Songs of Distant Earth tells the story of humanity spreading out across space from the perspective of a colony on an ocean world. Hundreds of years earlier, seed ships had been sent out to habitable planets to save humanity from the imminent destruction of the Earth. Thalassa is one such colony. Then they are visited by another ship, not a seed ship this time but the actual remainders of Earth’s people on their way to a new home. The crew needs to stop and reinforce their ship, and spends over a year on the planet.

Clarke weaves realistic science fiction with history (one of my favourite references being to the Bounty), and still manages to tell a very human story. The book is not heavily action packed but is short and moves along at enough of a pace to keep you interested.  There are tastes of cultural clashes, the search for other intelligent life, and the nature of human societies. It is an interesting investigation into how our future might look.

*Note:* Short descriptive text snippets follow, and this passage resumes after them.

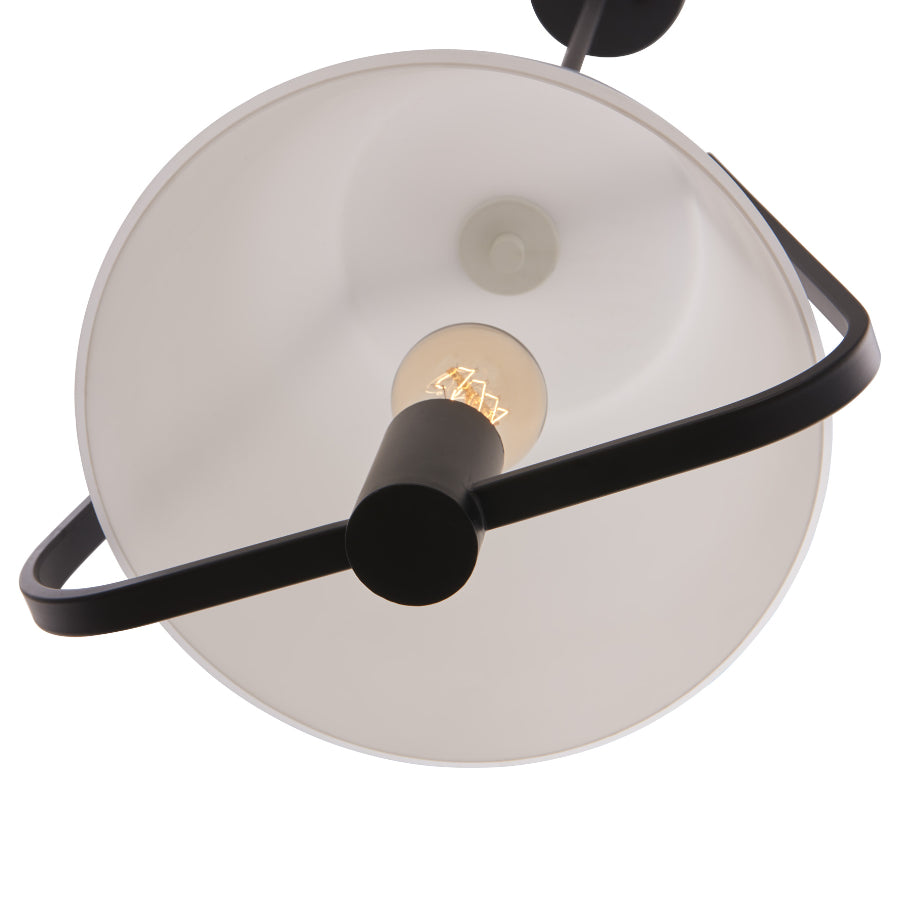 Versatile Pendant
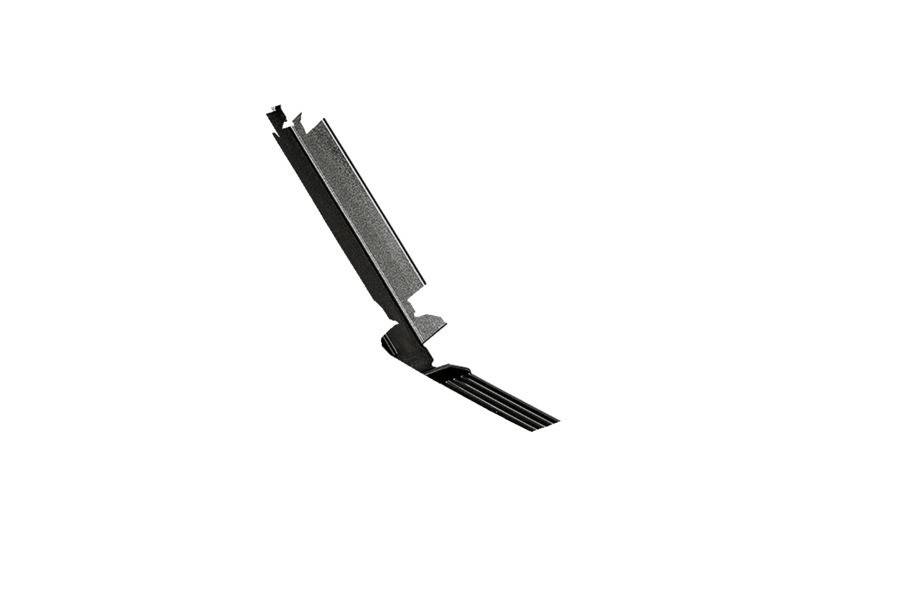 HellermannTyton Befestigungssockel 151-03679(25)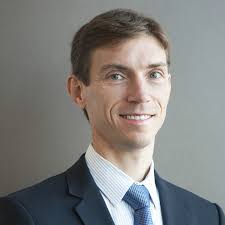 Gastroenterology Bayfront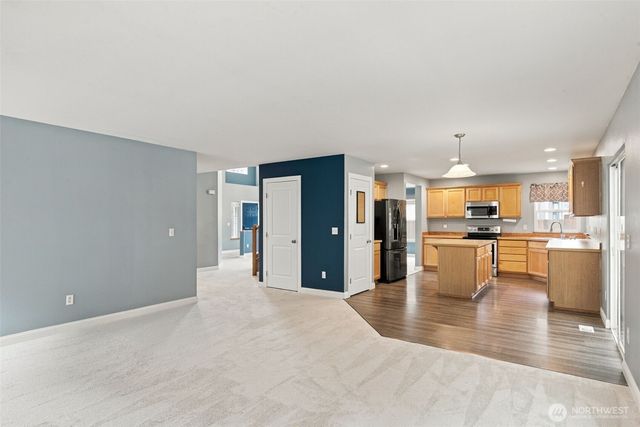 36260 23rd Place S, Federal Way, WA 98003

The end is not much different from the start, just the order is reversed. 

I did not know anything about this book before reading it. Hopefully you are in the same boat. I won’t explain where the author’s inspiration was said to have come from, nor detail or offer comment on the more shocking parts of the story. Read this book fresh if you can, without learning any more than this brief review offers.
This is a clever book. There are a lot of funny observations as our narrator describes the daily routines of a life in reverse. It turns out that eating, relationships, arguments, even littering all seem a lot funnier in reverse. 

The story begins in a groggy light as our main character drifts into life. He is an old man and not steady on his feet. The narrator of this story does not seem to know that things are going in reverse order. It’s unclear who this narrator is. He seems to be in the same body as the main character, able to watch and observe the man’s life but not influence or communicate with him in any way. The narrator tells the story of a stranger from his perspective. With time the main character becomes younger and stronger and we learn what he did with his life.  
Let me explain the bounds and manner of this reversed chronology. Words are spelled as expected and sentences also follow the norms we expect. Dialogue is for the most part expressed as we would expect, it’s just that the sequence of events the sentences explain are actually happening back to front.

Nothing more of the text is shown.